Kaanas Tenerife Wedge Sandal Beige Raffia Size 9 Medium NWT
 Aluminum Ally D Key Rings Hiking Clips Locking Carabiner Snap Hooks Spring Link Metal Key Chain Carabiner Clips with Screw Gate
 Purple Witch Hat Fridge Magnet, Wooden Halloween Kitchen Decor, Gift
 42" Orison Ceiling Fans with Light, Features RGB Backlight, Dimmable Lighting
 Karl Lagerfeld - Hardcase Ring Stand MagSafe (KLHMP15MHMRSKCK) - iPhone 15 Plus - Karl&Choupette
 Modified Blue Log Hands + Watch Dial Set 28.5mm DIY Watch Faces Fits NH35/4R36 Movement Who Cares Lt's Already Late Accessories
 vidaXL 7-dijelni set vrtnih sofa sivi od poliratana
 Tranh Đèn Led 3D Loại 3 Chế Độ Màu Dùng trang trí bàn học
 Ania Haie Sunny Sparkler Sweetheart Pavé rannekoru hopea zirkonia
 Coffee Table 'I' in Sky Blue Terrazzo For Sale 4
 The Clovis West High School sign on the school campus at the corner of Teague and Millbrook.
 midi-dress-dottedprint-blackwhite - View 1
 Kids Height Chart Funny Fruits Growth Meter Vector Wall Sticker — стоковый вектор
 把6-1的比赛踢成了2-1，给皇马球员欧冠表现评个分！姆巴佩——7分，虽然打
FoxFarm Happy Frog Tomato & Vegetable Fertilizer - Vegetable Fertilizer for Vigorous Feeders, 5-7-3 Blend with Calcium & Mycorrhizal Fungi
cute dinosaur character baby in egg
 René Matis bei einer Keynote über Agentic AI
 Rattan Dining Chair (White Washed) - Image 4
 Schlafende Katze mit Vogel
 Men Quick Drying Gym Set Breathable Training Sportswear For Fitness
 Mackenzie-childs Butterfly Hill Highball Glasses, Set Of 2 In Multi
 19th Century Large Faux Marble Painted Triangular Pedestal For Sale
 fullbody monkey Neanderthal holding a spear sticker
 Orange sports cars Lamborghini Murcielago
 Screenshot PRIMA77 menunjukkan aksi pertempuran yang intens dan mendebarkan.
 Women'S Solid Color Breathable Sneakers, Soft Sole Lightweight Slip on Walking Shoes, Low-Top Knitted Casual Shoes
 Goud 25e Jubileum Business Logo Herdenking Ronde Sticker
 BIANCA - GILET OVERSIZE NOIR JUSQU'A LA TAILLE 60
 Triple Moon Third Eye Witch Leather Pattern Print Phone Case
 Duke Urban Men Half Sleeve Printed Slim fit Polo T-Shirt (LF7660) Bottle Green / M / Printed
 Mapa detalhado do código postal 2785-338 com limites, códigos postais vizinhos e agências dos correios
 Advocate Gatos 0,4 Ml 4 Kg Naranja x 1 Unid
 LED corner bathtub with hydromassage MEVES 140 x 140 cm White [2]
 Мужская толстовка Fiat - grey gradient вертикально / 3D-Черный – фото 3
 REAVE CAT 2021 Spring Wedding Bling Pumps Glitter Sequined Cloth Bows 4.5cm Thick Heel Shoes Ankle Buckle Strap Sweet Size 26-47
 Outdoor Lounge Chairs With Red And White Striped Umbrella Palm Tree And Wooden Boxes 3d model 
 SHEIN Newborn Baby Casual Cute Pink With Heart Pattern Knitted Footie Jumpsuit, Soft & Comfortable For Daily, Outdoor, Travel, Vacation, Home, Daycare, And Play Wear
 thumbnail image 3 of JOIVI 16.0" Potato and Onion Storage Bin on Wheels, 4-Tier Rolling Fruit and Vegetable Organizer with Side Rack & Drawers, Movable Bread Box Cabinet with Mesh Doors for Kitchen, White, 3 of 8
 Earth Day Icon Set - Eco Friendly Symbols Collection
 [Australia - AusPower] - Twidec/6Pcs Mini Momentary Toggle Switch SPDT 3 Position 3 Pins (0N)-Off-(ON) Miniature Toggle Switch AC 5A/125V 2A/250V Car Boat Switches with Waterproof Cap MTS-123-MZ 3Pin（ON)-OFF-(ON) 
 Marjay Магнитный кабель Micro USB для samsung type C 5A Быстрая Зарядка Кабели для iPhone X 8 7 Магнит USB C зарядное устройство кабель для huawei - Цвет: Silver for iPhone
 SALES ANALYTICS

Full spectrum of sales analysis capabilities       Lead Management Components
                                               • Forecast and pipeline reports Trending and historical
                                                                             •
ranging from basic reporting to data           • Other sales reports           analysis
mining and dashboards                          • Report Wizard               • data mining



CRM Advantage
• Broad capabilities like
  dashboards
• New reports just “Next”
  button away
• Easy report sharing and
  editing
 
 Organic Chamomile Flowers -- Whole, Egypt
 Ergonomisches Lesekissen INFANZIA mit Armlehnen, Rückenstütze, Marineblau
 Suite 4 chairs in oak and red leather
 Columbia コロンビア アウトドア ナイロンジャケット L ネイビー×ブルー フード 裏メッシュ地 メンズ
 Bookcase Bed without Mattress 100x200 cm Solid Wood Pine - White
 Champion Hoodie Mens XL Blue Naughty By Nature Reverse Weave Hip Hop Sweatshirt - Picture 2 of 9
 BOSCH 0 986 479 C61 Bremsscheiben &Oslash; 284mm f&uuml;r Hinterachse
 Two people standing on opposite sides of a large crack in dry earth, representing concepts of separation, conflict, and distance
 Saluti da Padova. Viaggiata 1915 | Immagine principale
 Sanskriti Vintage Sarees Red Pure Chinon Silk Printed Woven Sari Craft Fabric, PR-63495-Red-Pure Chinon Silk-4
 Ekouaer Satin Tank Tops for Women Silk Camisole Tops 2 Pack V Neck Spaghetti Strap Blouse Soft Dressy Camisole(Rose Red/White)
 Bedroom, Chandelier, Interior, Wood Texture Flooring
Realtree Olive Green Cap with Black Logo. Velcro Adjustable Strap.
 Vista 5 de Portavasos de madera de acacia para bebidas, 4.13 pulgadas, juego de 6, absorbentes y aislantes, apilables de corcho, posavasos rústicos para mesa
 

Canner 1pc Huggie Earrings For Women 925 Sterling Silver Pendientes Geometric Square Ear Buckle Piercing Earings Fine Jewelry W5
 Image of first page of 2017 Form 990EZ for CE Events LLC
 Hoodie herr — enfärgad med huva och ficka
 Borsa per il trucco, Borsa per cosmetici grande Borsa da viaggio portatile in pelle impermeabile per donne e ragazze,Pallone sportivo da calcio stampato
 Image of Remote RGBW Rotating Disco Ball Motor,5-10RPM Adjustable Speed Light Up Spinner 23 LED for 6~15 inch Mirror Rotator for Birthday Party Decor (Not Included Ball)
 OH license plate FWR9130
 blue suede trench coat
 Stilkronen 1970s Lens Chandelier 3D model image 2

——————————

_Instructions to follow:_ Show each line of the listing that holds the string "Casual".

_Output below:_
 Women'S Solid Color Breathable Sneakers, Soft Sole Lightweight Slip on Walking Shoes, Low-Top Knitted Casual Shoes
 SHEIN Newborn Baby Casual Cute Pink With Heart Pattern Knitted Footie Jumpsuit, Soft & Comfortable For Daily, Outdoor, Travel, Vacation, Home, Daycare, And Play Wear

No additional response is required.